TASK BRIEF →
Nothing but the lines from the one containing "Ford Explorer (VI)" through the last line of the data below should be returned, each exactly as it stands, pictures excluded.

DATASET SECTION →
=== Section Start ===

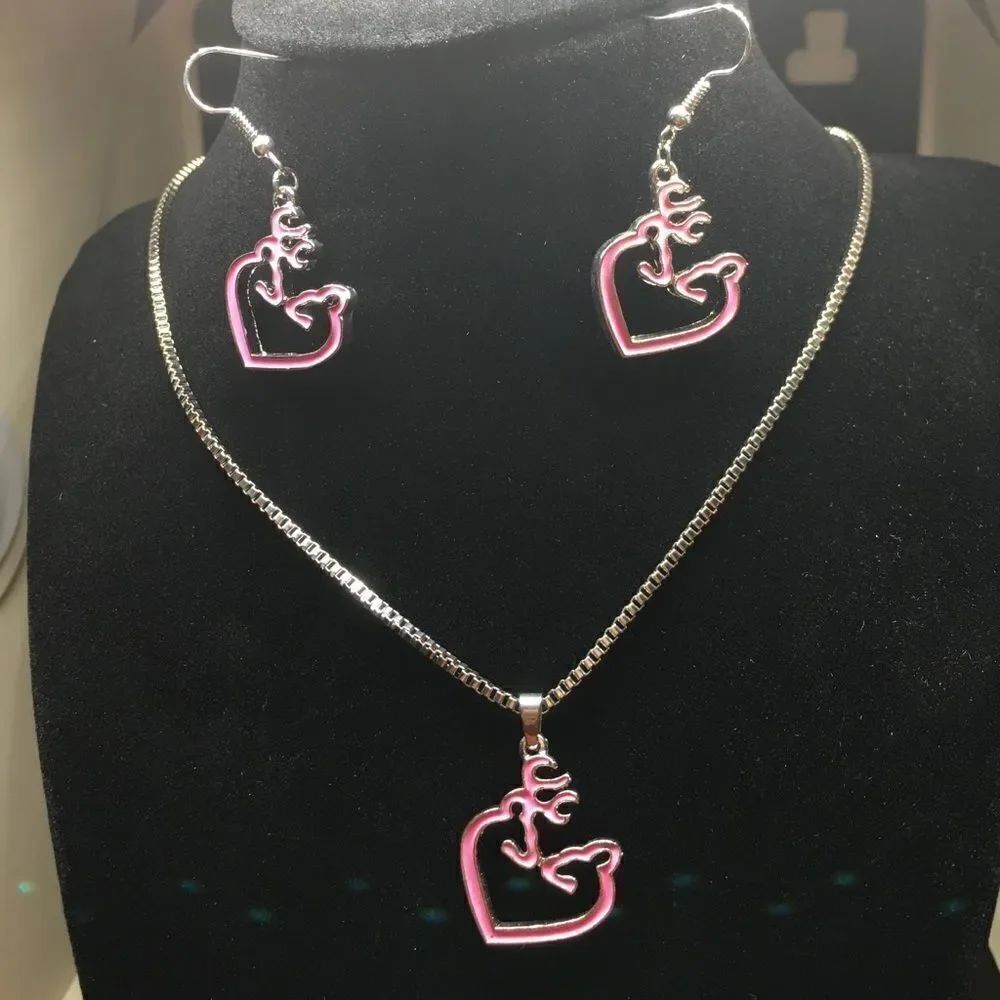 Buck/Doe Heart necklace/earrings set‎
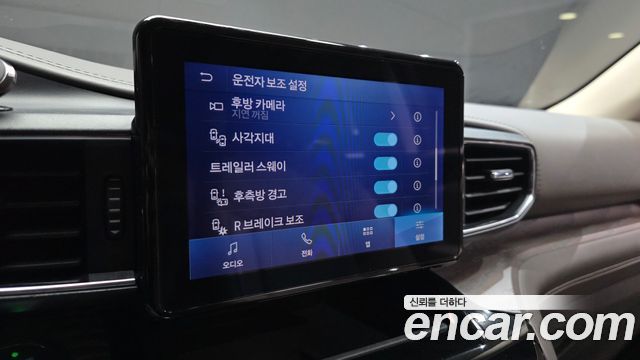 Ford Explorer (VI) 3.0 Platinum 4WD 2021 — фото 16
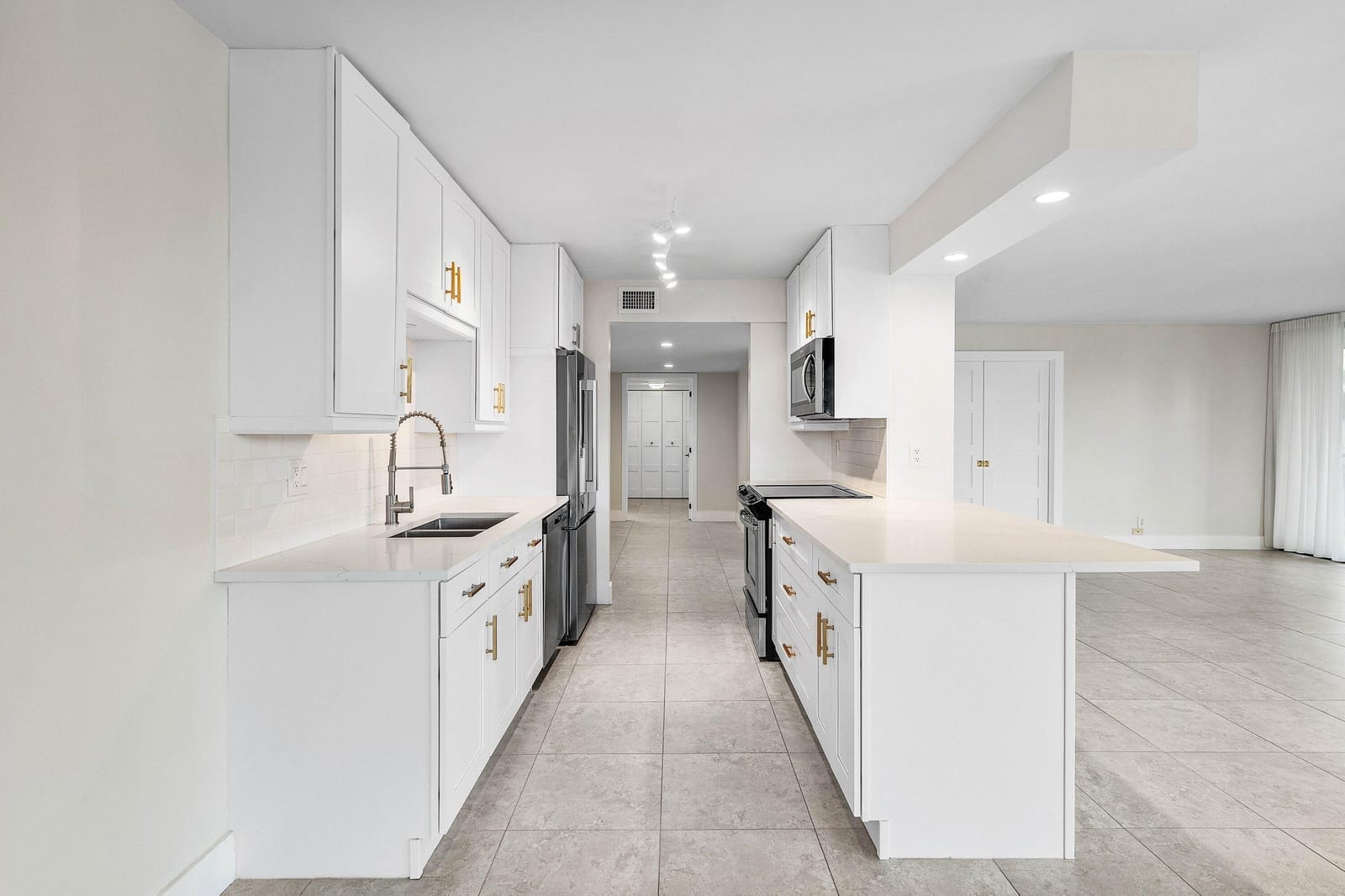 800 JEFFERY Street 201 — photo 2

=== Section End ===

ANSWER TO THIS EXERCISE →
 Ford Explorer (VI) 3.0 Platinum 4WD 2021 — фото 16
 800 JEFFERY Street 201 — photo 2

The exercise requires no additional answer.